I never said this wasn't a reason either, AMD still needs a Quicksync offering on the high end otherwise they'll continue to get trashed on in Adode and others that utilize both the dGPU and iGPU. When Adobe implemented that capability, because it didn't do that always, then TR and even Intel HEDT became pretty well useless platforms for it.

 

There's almost never one single reason for anything. Like lets not ignore Ryzen Pro APUs has been a thing the entire time, commercial customers have always had AMD options with iGPUs this whole time, 4 cores max for Ryzen Pro 2000/3000 APU and then later 8 cores for Ryzen Pro 4000 and later.

 

Commercial customers aren't suddenly getting iGPUs that they couldn't get before, they're getting them on the high end CPUs for workloads where the cache reduction on the APUs mattered.

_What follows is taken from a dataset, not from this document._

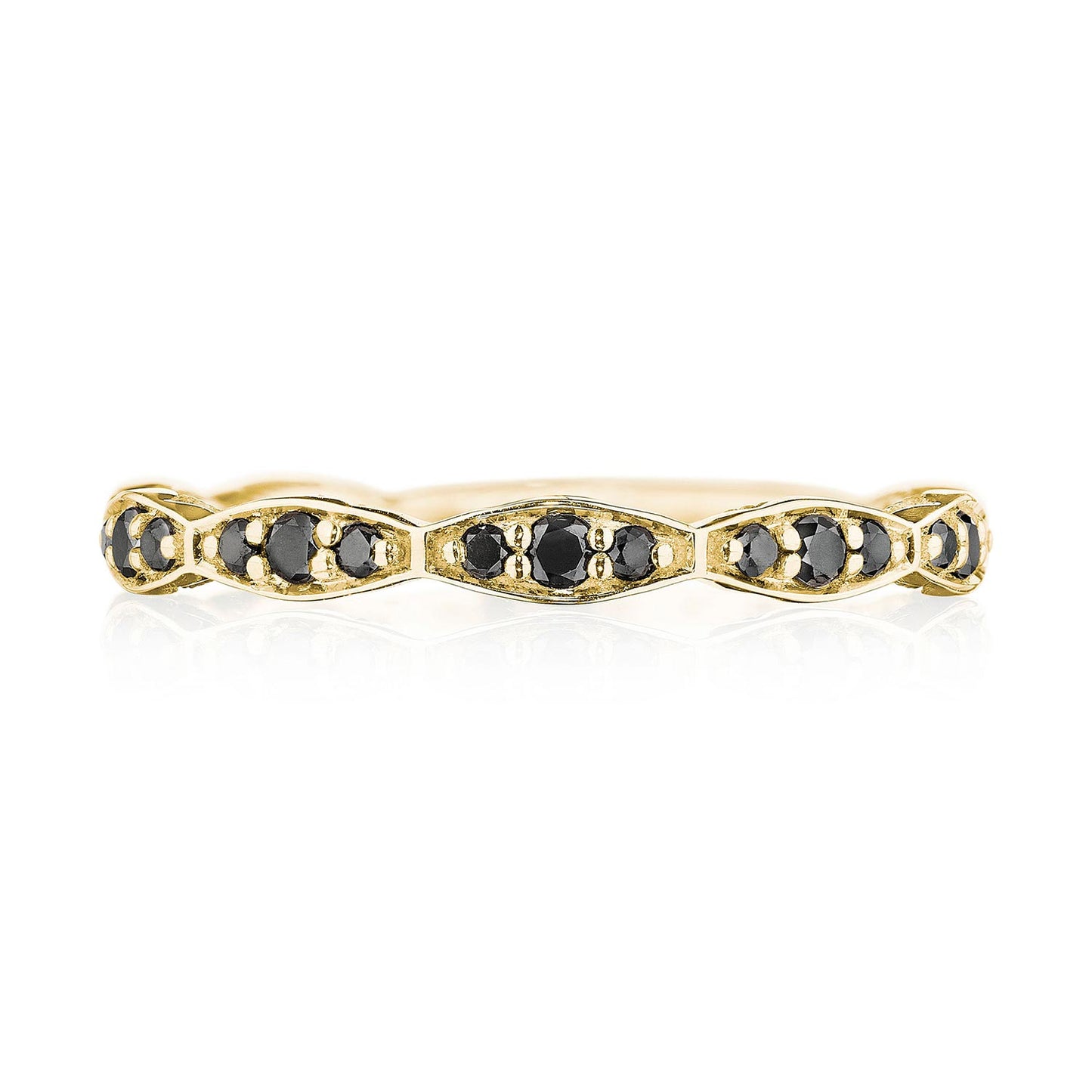 Marquise Design Wedding Band with Black Diamond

General office PCs don't benefit from that.

 

Basically the entire line of HP business desktops have been Ryzen Pro APU

https://www.hp.com/us-en/shop/pdp/hp-elitedesk-805-g6-small-form-factor-pc

 

Also the part right before your qoute is just as important, and not to be excluded.

Quote

,which has a small number of compute units built in, specifically to enable video encode & decode and multiple display outputs.

 

and

Quote

The IGP in Ryzen 7000 is designed to light up a monitor, handle video encode/decode, run a home theater PC, do productivity, but it's not gaming-grade graphics.

 

Also no it's not just about Adobe, it's just a nice and easy example that got a lot of traction and talk when Adobe implemented the new Quicksync support. It'll work for Handbrake or anything equally as well etc

 

P.S. I am not aware Adobe actually utilized AMD iGPUs when they are present with a dGPU like they do for Intel and Quicksync. That may actually happen now with this change.